#### The problem:
The stretch wanted below opens at the line containing "Epstein Trump Epstein Trump" and closes at the line containing "Світшот Fear Of". Please return it exactly, with no other lines.
☆ ☆ ☆ ☆
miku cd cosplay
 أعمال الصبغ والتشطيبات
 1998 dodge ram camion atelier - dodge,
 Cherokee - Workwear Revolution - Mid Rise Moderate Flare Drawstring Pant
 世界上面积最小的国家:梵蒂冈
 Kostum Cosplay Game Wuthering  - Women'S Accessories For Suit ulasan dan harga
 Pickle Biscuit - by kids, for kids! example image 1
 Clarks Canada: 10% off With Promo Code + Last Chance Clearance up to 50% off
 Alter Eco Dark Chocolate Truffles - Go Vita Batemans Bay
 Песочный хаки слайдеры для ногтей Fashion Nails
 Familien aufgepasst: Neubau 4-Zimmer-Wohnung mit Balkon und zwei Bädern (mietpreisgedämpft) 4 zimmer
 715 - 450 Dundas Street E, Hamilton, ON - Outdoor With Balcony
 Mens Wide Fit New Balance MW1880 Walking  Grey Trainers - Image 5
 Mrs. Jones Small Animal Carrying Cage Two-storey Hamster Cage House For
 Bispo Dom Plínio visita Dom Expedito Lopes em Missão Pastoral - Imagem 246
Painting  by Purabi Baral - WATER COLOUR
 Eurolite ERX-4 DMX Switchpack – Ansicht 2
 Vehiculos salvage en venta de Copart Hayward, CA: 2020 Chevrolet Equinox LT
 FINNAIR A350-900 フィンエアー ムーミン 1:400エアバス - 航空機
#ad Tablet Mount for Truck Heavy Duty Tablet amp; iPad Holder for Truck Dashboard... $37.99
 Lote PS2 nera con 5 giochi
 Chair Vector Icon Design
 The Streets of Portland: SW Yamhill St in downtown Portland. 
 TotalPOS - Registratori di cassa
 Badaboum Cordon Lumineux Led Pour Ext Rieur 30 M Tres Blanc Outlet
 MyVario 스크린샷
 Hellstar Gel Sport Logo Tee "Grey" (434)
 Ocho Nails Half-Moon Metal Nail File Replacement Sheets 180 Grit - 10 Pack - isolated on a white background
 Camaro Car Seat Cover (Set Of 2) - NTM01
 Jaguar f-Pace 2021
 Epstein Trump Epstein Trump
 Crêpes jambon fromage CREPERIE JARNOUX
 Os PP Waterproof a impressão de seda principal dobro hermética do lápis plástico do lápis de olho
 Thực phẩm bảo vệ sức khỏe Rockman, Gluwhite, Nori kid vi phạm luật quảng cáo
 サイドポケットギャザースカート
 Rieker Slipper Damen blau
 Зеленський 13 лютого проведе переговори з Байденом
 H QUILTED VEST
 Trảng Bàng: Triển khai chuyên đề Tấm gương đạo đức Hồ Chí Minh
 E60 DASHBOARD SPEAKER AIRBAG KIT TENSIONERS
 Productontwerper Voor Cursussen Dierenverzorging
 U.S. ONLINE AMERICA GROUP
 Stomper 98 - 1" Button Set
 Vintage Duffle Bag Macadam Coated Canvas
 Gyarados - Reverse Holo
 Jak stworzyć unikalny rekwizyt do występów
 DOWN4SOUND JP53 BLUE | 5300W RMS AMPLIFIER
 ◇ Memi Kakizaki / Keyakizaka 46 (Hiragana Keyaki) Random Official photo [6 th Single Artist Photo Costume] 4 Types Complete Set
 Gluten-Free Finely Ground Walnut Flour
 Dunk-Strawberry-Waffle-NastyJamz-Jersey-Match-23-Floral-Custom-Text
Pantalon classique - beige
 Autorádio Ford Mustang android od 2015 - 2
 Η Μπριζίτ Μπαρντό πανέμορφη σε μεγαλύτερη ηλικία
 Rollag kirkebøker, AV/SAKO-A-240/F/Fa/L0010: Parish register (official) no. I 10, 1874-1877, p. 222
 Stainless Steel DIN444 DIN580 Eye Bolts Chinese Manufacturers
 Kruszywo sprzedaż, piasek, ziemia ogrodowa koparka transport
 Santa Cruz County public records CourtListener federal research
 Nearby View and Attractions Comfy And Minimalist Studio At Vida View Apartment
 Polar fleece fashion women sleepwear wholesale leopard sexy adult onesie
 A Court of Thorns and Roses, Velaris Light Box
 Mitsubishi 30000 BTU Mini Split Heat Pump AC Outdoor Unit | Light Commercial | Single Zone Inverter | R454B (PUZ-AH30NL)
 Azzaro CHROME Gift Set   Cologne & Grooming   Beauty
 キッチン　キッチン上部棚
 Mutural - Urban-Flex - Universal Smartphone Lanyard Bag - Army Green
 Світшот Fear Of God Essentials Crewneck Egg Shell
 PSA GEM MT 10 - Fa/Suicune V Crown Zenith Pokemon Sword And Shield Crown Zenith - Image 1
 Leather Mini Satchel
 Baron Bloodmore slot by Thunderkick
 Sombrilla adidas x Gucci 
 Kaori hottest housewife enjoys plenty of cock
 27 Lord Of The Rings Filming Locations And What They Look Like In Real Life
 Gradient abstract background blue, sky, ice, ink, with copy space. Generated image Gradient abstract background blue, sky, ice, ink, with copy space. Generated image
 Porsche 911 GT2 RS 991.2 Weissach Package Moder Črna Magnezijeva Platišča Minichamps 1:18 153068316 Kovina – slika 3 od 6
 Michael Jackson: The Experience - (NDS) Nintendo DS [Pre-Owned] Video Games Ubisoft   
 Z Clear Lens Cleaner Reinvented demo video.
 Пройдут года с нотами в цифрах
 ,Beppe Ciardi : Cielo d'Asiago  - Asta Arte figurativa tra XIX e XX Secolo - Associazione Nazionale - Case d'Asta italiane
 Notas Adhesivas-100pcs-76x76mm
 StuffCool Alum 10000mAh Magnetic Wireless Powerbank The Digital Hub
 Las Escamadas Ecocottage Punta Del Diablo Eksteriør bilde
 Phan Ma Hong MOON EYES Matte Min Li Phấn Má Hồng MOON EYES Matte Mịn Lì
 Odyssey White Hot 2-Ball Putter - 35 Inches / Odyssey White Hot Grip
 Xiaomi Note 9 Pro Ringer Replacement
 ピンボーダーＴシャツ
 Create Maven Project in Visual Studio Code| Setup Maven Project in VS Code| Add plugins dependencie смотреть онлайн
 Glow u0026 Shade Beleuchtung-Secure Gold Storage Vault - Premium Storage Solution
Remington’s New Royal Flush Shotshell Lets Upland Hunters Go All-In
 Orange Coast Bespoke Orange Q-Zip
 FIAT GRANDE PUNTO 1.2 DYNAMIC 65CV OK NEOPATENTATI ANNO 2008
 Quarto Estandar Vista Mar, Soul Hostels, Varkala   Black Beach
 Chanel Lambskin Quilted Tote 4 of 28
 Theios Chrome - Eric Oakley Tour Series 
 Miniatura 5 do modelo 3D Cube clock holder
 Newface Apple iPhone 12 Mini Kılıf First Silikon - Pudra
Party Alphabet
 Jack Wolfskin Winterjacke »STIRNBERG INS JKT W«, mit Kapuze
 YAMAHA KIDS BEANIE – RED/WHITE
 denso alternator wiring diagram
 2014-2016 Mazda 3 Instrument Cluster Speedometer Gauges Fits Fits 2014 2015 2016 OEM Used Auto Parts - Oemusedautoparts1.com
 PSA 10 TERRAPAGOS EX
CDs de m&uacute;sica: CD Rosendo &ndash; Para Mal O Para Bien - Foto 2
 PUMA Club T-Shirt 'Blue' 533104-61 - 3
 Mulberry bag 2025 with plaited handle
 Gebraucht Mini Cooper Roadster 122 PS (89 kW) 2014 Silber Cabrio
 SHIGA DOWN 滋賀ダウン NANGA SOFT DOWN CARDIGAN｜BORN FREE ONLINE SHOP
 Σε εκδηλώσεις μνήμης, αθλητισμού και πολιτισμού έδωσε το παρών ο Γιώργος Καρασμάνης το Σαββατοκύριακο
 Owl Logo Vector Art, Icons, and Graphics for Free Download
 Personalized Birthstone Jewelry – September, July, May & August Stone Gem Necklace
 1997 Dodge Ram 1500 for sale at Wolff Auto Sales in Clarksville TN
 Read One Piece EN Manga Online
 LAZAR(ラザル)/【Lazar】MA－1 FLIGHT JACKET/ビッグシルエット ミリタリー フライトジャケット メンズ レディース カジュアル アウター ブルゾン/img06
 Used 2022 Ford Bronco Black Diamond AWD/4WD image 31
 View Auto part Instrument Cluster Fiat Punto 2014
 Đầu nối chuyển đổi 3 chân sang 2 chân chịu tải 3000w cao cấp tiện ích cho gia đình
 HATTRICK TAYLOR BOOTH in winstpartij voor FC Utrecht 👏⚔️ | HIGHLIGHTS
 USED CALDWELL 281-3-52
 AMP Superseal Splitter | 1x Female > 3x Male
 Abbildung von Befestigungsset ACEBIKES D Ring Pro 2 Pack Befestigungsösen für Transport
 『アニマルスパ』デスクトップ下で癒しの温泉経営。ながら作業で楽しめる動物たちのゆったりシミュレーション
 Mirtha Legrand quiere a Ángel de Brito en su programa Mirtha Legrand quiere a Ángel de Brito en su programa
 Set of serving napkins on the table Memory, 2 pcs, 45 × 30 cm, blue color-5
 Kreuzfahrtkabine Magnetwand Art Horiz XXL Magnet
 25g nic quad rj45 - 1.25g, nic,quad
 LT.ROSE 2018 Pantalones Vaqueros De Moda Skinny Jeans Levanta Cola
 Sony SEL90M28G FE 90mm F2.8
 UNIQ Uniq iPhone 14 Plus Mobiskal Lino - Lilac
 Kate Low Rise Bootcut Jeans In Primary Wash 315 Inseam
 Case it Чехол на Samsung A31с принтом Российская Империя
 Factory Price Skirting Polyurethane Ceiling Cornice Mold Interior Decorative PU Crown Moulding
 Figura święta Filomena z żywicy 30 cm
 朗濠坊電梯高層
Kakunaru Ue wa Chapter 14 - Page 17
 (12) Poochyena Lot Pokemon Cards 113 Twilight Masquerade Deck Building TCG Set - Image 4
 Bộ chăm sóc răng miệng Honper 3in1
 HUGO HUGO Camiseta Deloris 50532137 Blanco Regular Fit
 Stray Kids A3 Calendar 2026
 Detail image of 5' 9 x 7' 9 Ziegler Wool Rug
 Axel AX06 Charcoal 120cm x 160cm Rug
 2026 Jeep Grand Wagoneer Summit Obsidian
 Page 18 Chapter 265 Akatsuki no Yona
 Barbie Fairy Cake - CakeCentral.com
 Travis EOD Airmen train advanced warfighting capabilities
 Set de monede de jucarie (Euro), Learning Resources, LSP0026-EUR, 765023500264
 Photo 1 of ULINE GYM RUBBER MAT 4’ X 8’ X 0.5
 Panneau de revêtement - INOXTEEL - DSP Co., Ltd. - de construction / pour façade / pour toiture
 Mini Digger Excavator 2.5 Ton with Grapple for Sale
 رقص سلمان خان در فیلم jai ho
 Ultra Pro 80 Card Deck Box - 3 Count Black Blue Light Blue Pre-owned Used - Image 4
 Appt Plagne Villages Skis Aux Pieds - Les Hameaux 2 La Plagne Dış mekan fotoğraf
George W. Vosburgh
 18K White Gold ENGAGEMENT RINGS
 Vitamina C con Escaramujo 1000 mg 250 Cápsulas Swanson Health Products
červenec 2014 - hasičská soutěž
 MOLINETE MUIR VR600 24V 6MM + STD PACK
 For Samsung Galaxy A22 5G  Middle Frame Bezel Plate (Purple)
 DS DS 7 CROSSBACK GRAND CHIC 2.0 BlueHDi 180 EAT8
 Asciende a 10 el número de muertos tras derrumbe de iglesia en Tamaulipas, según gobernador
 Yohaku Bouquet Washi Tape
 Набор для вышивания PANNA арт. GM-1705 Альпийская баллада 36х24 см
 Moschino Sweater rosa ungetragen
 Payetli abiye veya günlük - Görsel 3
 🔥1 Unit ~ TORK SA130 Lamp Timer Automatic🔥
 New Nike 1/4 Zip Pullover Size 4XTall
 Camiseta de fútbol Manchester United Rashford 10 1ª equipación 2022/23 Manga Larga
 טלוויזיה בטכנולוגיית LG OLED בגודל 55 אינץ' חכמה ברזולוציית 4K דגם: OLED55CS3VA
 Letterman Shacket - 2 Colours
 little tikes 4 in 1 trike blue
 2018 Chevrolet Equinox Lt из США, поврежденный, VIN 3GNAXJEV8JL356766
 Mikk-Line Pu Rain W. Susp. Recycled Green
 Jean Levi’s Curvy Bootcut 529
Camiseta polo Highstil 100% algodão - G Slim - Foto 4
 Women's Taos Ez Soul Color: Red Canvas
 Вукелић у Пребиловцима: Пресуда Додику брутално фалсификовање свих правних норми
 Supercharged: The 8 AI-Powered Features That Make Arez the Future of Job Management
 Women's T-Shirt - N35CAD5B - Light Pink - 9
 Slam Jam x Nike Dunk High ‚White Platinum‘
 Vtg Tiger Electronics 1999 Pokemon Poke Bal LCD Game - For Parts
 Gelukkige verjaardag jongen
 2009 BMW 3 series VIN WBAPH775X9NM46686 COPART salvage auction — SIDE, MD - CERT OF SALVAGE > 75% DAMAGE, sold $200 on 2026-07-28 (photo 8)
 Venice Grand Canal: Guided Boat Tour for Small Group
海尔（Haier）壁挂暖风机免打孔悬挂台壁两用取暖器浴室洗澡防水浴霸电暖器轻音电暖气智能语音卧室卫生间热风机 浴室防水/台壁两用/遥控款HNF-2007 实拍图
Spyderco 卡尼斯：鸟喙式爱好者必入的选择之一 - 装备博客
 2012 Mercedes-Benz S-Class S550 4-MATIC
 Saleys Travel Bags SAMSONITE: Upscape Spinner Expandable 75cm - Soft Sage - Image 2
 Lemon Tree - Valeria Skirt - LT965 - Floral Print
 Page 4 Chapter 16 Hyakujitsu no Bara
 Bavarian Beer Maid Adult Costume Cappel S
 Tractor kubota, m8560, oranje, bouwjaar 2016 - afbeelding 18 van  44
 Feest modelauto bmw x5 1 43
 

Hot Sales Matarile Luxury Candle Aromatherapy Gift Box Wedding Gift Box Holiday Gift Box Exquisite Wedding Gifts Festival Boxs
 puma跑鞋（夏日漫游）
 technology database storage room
☆ ☆ ☆ ☆
#### Solution for this task:
 Epstein Trump Epstein Trump
 Crêpes jambon fromage CREPERIE JARNOUX
 Os PP Waterproof a impressão de seda principal dobro hermética do lápis plástico do lápis de olho
 Thực phẩm bảo vệ sức khỏe Rockman, Gluwhite, Nori kid vi phạm luật quảng cáo
 サイドポケットギャザースカート
 Rieker Slipper Damen blau
 Зеленський 13 лютого проведе переговори з Байденом
 H QUILTED VEST
 Trảng Bàng: Triển khai chuyên đề Tấm gương đạo đức Hồ Chí Minh
 E60 DASHBOARD SPEAKER AIRBAG KIT TENSIONERS
 Productontwerper Voor Cursussen Dierenverzorging
 U.S. ONLINE AMERICA GROUP
 Stomper 98 - 1" Button Set
 Vintage Duffle Bag Macadam Coated Canvas
 Gyarados - Reverse Holo
 Jak stworzyć unikalny rekwizyt do występów
 DOWN4SOUND JP53 BLUE | 5300W RMS AMPLIFIER
 ◇ Memi Kakizaki / Keyakizaka 46 (Hiragana Keyaki) Random Official photo [6 th Single Artist Photo Costume] 4 Types Complete Set
 Gluten-Free Finely Ground Walnut Flour
 Dunk-Strawberry-Waffle-NastyJamz-Jersey-Match-23-Floral-Custom-Text
Pantalon classique - beige
 Autorádio Ford Mustang android od 2015 - 2
 Η Μπριζίτ Μπαρντό πανέμορφη σε μεγαλύτερη ηλικία
 Rollag kirkebøker, AV/SAKO-A-240/F/Fa/L0010: Parish register (official) no. I 10, 1874-1877, p. 222
 Stainless Steel DIN444 DIN580 Eye Bolts Chinese Manufacturers
 Kruszywo sprzedaż, piasek, ziemia ogrodowa koparka transport
 Santa Cruz County public records CourtListener federal research
 Nearby View and Attractions Comfy And Minimalist Studio At Vida View Apartment
 Polar fleece fashion women sleepwear wholesale leopard sexy adult onesie
 A Court of Thorns and Roses, Velaris Light Box
 Mitsubishi 30000 BTU Mini Split Heat Pump AC Outdoor Unit | Light Commercial | Single Zone Inverter | R454B (PUZ-AH30NL)
 Azzaro CHROME Gift Set   Cologne & Grooming   Beauty
 キッチン　キッチン上部棚
 Mutural - Urban-Flex - Universal Smartphone Lanyard Bag - Army Green
 Світшот Fear Of God Essentials Crewneck Egg Shell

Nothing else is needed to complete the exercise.